▸ **THE INPUT**:
= = =

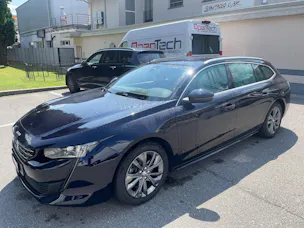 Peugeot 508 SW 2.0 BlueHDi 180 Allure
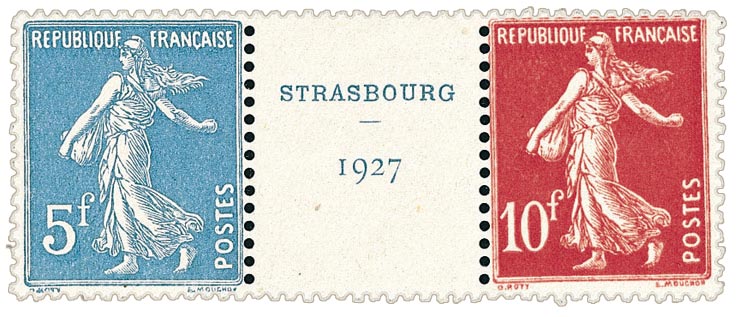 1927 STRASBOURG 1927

= = =

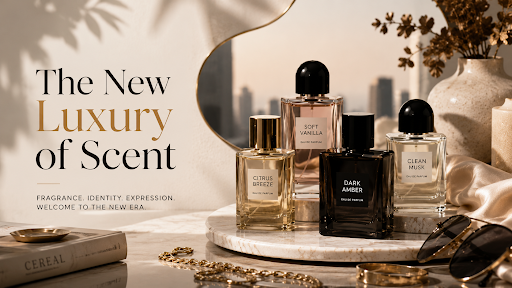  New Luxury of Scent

= = =

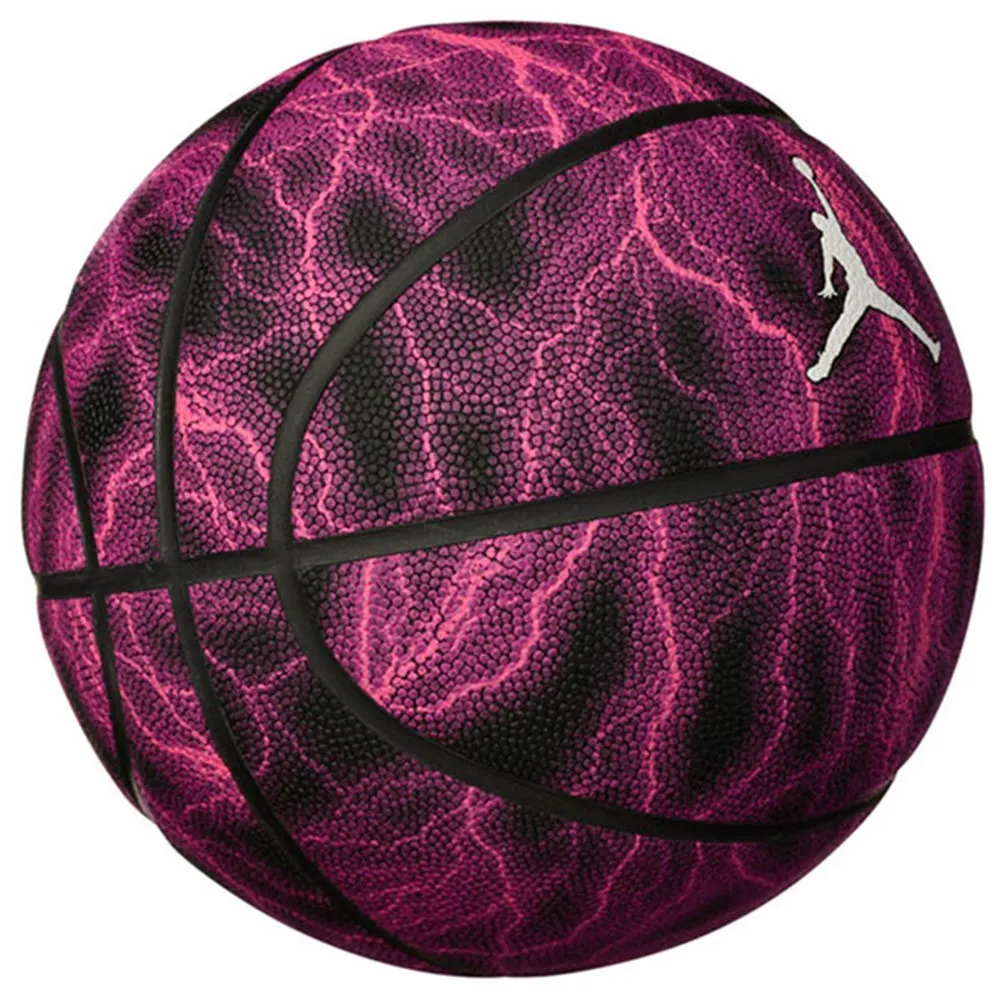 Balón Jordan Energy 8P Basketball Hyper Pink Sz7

= = =

▸ **TASK TO CARRY OUT**:
The material above holds pictures; leave them out and set down exactly the lines from the line with "Peugeot 508 SW 2.0 BlueHDi 180 Allure" to the line with "1927 STRASBOURG 1927", both included.

▸ **RESULT OF THIS TASK**:
 Peugeot 508 SW 2.0 BlueHDi 180 Allure
 1927 STRASBOURG 1927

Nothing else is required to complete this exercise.